Xi is one of a small group of children of top leaders that is widely expected to rise to greater political prominence. Now that senior leader Deng Xiaoping has called for bolder, market-oriented reform and the promotion of talented, younger cadres, officials like Xi are seen as being especially well-positioned to advance further. His experience and outlook provide some insight into this group of young officials often referred to by Chinese as the "princelings" because of their special status.
Tall even by Western standards, Xi dresses like many Chinese men of his generation: black leather jacket, sweater, shirt, and, in wintertime, standard-issue long underwear peeking out from under the cuffs. But as he chatted with a visitor in a private sitting room of a government-run guest house, he seemed considerably more at ease and confident than many Chinese cadres his age.
Settling his long frame comfortably in one of the blue fake-leather armchairs, he offered his guests tea, oranges, watermelon seeds and preserved fruit, a specialty of the south. He consulted no notes as he spewed out figures about the area's growth, investment, and plans to overtake its bustling neighbor to the south, the port city of Xiamen, formerly Amoy, where he was vice mayor. He answered questions about economics, politics and his personal background without hesitation. Several aides took notes. One took pictures.

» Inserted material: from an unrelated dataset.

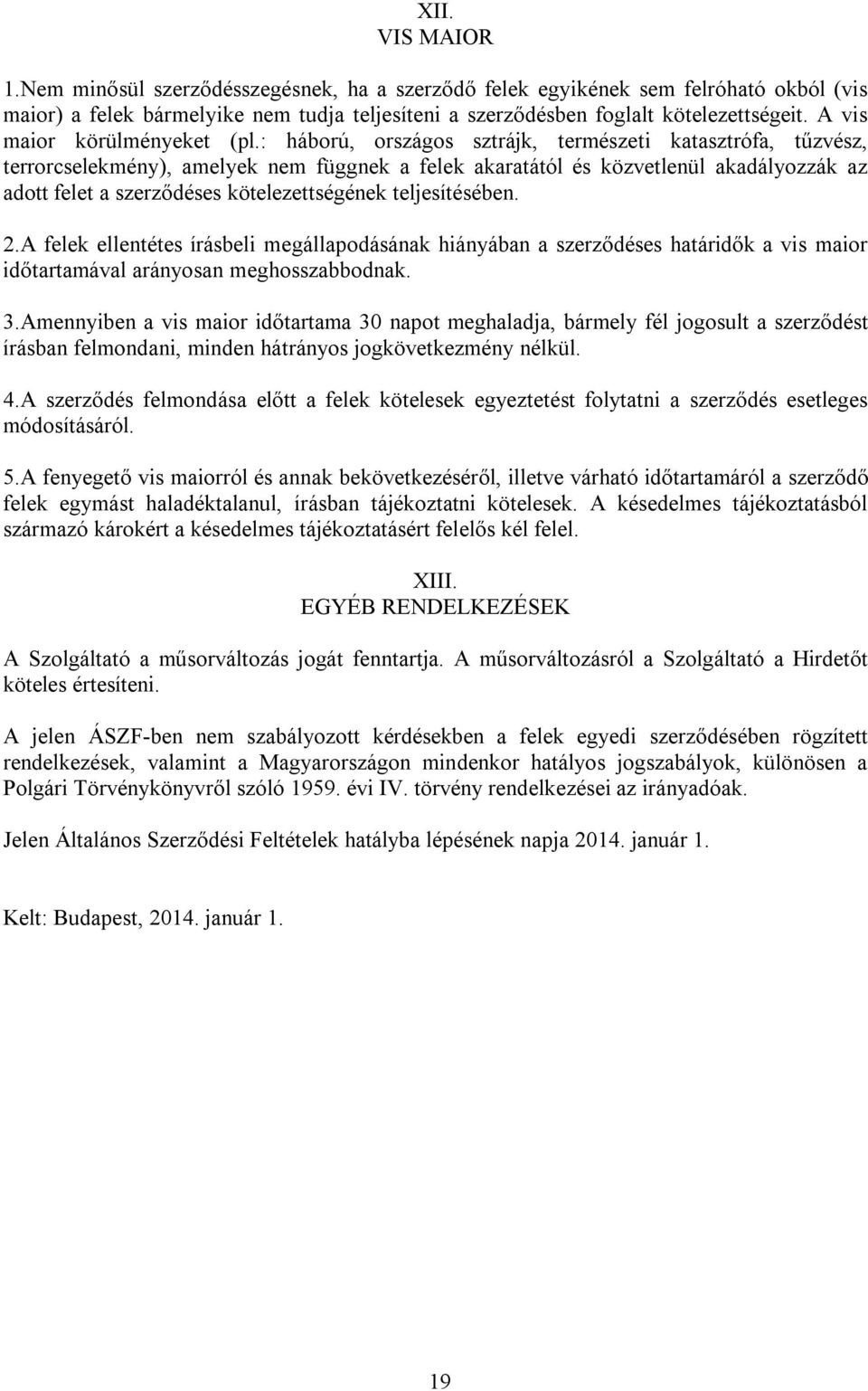 : háború, országos sztrájk, természeti katasztrófa, tűzvész, terrorcselekmény), amelyek nem függnek a felek akaratától és közvetlenül akadályozzák az adott felet a szerződéses kötelezettségének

Xi said China should keep its socialist system, but he repeatedly underscored the overriding importance of economic development, economic reform and the foreign cooperation needed to bring that about.
"We want foreign investment and we want to bring in advanced technology," he said. "We aren't picky about whether you are a large, medium or small company."
Referring to the growing economic interdependence of southern China, Hong Kong and Taiwan, he said, "This area has its own natural economic contacts that will accelerate development."
Because of the area's proximity to Taiwan, most foreign investment is coming from Taiwanese who trace their roots to Fujian -- and from Japanese. But Xi has set up a sister city relationship with Syracuse, N.Y., and is hoping to travel there this year to persuade American business to invest in his city.
Xi's father was a top leader in the northwest before being disgraced during the Cultural Revolution of 1966-76. All seven children were persecuted as well. One daughter died. The younger Xi recalled being locked up "three or four times" when he was 15 because of his father's crimes. Banished to Yenan, the revolutionary base of the party, he had to attend daily "struggle" sessions, where he often was forced to read out denunciations of his father.
"Even if you don't understand, you are forced to understand," he said with a trace of bitterness. "It makes you mature earlier."
For seven years, he worked as a farm laborer, an agricultural technician, tractor-trailer driver, and barefoot doctor. In what he described as an ironic twist, he was elected a local branch party secretary in his last two years.
Just before the Cultural Revolution ended, Xi was allowed to enter prestigious Qinghua University in Beijing, China's most prominent technological school, where he graduated in 1979, at 28, specializing in the petrochemical industry.
He was immediately given a plum assignment, working as the personal assistant to Geng Biao, a vice premier who also served briefly as defense minister.
In 1982, Xi was sent to work at the local level, as a party secretary in a poor county in Hebei Province. Eventually he became the vice mayor of Xiamen, where he is credited with pushing that city's economic reform and open-door policies, before arriving in Fuzhou in the spring of 1990.
Xi said he has gotten where he is on his own ability and popularity. Asked about possible future promotions, he politely deferred to the needs of the party.
He pointed to an election in Xiamen a few years ago in which he received all but a handful of votes among several vice mayoral candidates in a secret ballot. "I don't think it's a trend that sons and daughters of the leadership cadres must be leaders, too," he said. "We should follow the procedures to promote cadres. . . . I haven't done a lot of research on this, nor do I have a lot of contacts {with others}. I just do my own work."